Was ist das Persönliche Budget?

Was ist das Persönliche Budget?

Beschreibung

In der Behindertenhilfe wurde ein Paradigmenwechsel eingeläutet: Es gilt nun Teilhabe anstatt von Fürsorge, Selbstbestimmung statt Fremdbestimmung und Freiheit statt Bevormundung. Das Wunsch- und Wahlrecht der Behinderten rückt nun in den Mittelpunkt. Die neue Leistungsform des Persönlichen Budgets wurde 2001 im SGB IX aufgenommen und es besteht seit 01.01.2008 ein einklagbarer Rechtsanspruch darauf. Das Persönliche Budget kann von jedem beantragt werden, der behindert ist oder von Behinderung bedroht wird und einen Leistungsanspruch hat. Das Instrument des persönlichen Budgets gibt es schon seit dem ersten Juli 2001, als das Neunte Buch Sozialgesetzbuch (SGB IX) herauskam. Diese neuen Leistungsform erlaubt es den jeweiligen Leistungsempfängern, anstatt von Dienst- oder Sachleistungen zur Teilhabe vom Rehabilitationsträger ein Budget, einen Geldbetrag in Form des das Persönlichen Budgets, zu wählen. Aus diesem Budget bezahlen die Leistungsempfänger nun die Aufwendungen, die sich aus ihrem persönlichen Hilfebedarf ergeben. Behinderte Menschen werden also zu Budgetnehmern, die die für sie in Frage kommenden Leistungen in eigener Verantwortung, selbständig und selbstbestimmt einkaufen können. Dabei werden die Budgetnehmer zu Käufern, Kunden und Arbeitgebern. Als Experten in eigener Sache entscheiden die Budgetnehmer selbst, welche Hilfen für sie am besten geeignet sind und welcher Dienst und welche Person zu welchem Zeitpunkt auch immer, den sie selbst wählen, eine Leistung erbringen soll. Diese Wunsch- und Wahlrecht kann im Rahmen der getroffenen Zielvereinbarung Anwendung finden. und Die sich hieraus ergebende Wahlfreiheit fördert die Selbstbestimmung behinderter Menschen ganz erheblich.

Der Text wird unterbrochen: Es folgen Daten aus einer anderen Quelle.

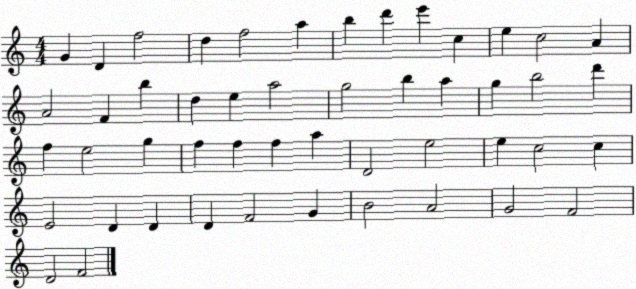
X:1
T:Untitled
M:4/4
L:1/4
K:C
G D f2 d f2 a b d' e' c e c2 A A2 F b d e a2 g2 b a g b2 d' f e2 g f f f a D2 e2 e c2 c E2 D D D F2 G B2 A2 G2 F2 D2 F2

Bisher bestand ein Dreieck, das sich aus Leistungsträger, Leistungsempfänger und Leistungserbringer zusammensetzte. Dieses Dreieck löst sich nun auf. Die früher üblichen Sachleistungen werden mittels des Persönlichen Budgets ersetzt durch Geldleistungen oder Gutscheine.

Sozialrechtliches Dreieck:

Eine spezielle Form des Persönlichen Budgets ist das sogenannte trägerübergreifende Persönliche Budget. Dabei handelt es sich um eine Komplexleistung, bei der mehrere Leistungsträger die in einem Budget zusammengefassten jeweiligen Teilhabe- oder Rehabilitationsleistungen zusammen erbringen. Zusätzlich zu den Leistungen zur Teilhabe kann der Budgetnehmer auch andere Leistungen in sein trägerübergreifendes Budget miteinbeziehen. Dabei handelt es sich um Leistungen der gesetzlichen Krankenkassen, Leistungen der sozialen Pflegeversicherung, Leistungen der Unfallversicherung bei Pflegebedürftigkeit und Pflegeleistungen der Sozialhilfe. Um ein Persönliches Budget zu erhalten, stellen die Menschen mit Behinderungen einen entsprechenden Antrag beim Leistungsträger.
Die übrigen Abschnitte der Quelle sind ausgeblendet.